Verse 21
"When thou shalt vow a vow unto Jehovah thy God, thou shalt not be slack to pay it: for Jehovah thy God will surely require it of thee; and it would be sin in thee. But if thou shalt forbear to vow it shall be no sin in thee. That which is gone out of thy lips thou shalt observe and do; according as thou hast vowed unto Jehovah thy God, a freewill-offering, which thou hast promised with thy mouth.
"When thou comest into thy neighbor's vineyard, then thou mayest eat of grapes thy fill at thine own pleasure; but thou shalt not put any in thy vessel. When thou comest into thy neighbor's standing grain, then thou mayest pluck the ears with thy hand; but thou shalt not move a sickle unto thy neighbor's standing grain."
The thrust of Deuteronomy 23:21,22 is directed toward the dependability of what a man "says" with his mouth. Truthfulness, candor, honesty, and dependability result when this legislation is heeded.

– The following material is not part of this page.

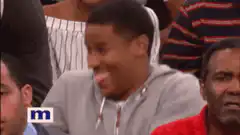 Man sticking tongue out and laughing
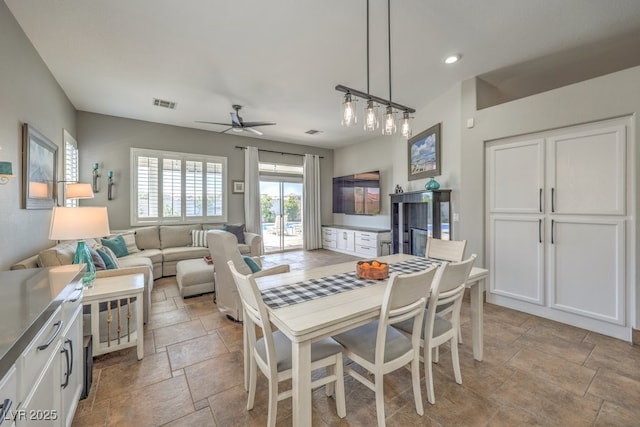 dining space with visible vents, stone tile floors, ceiling fan, and recessed lighting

The last two verses here are of great interest because, when our Lord Jesus Christ and his disciples walked through the standing grainfields and plucked a few heads to eat, the Pharisees accused them of "breaking" the sabbath! The type of legalistic "doodling" so dear to the Pharisaical mind is clearly discernible in such a charge. Were the disciples actually "threshing wheat"? Of course not. It would have been as reasonable to charge them with irrigating land in case they knocked off a little dew early in the morning! (See our comments on the N.T. incident related to this under Matthew 12:1ff, and Luke 6:1ff.)
We are fortunate enough to have the explanation of just how the Pharisees managed to nullify this law by their specious reasoning:
Jewish commentators limited the application of the role in Deuteronomy 23:24,25 to "harvest laborers," making it analogous to Deuteronomy 25:4, where it is forbidden to muzzle the ox that treadeth out the grain! But there is no reason to limit the natural interpretation of this precept. Like the law of the gleaner (Deuteronomy 24:10-22), it is prompted by a spirit of generosity toward wayfarers and poor persons.[21]